Typically, we’re funded by county government, sometimes local governments, very little federal funding. But it is primarily what we call redirection. Redirecting money from correctional, out-of-home placement or residential placement, back to working with people in their homes, in their neighborhoods, and it’s safer. It’s cheaper, and it’s just more effective. So typically it’s state and local governments who found a way to fund it.

Redirecting money from correctional, out-of-home placement or residential placement, back to working with people in their homes, in their neighborhoods, is safer, cheaper and just more effective.

  A lot of places we’ll go to and say, “How are you working with young people in your community? Are you using group homes? Are you using treatment facilities or correctional placements?” We will make a compelling case that we can work with them at home, in the community, utilizing community residents, cheaper safety with better outcomes, and we’ve seen that time and time again.

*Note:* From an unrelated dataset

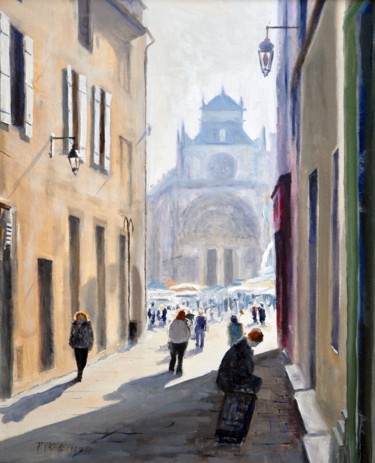 La rue Fondespan à Bazas Peinture intitulée "La rue Fondespan à…" par Pierre Vastchenko, Œuvre d'art originale, Huile
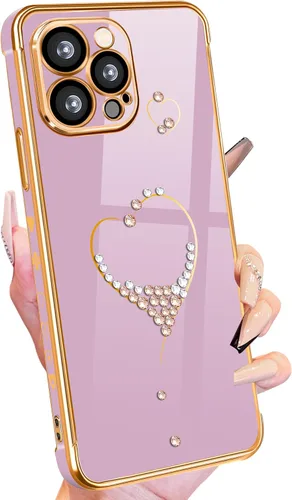 Vista 10 de Petitian Funda para iPhone 14 Pro Max, diseño de diente de león con purpurina para mujeres y niñas, para iPhone 14 Pro Max, cubierta femenina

Peter: One, it’s stunning that anybody would ever say, “No,” to you. It’s amazing. I think, why isn’t this in every neighborhood? Part of it is, nobody considers this a news story. The news consumes itself with violence and all that, but it does not consider saving a life worthy of news unless a fireman does it at the top of a ladder. It reminds me of the whole restorative justice movement. Mike Butler is the police chief in Longmont, Colorado, and he’s got about 2,600 citizens that he’s kept out of the judicial systems through the restorative process. There’s a walking school bus movement in the country where neighbors walk children to school at any hour and keep them safe. This is truly radical. Beautiful. I’m just touched by the way you talk about it and the commitment of what you’re doing.

  I’m interested, you said, “We train the wizards,” and I imagine you find the wizards by any means necessary, in the street and church and the coffee shop. You’re always never not looking for a wizard.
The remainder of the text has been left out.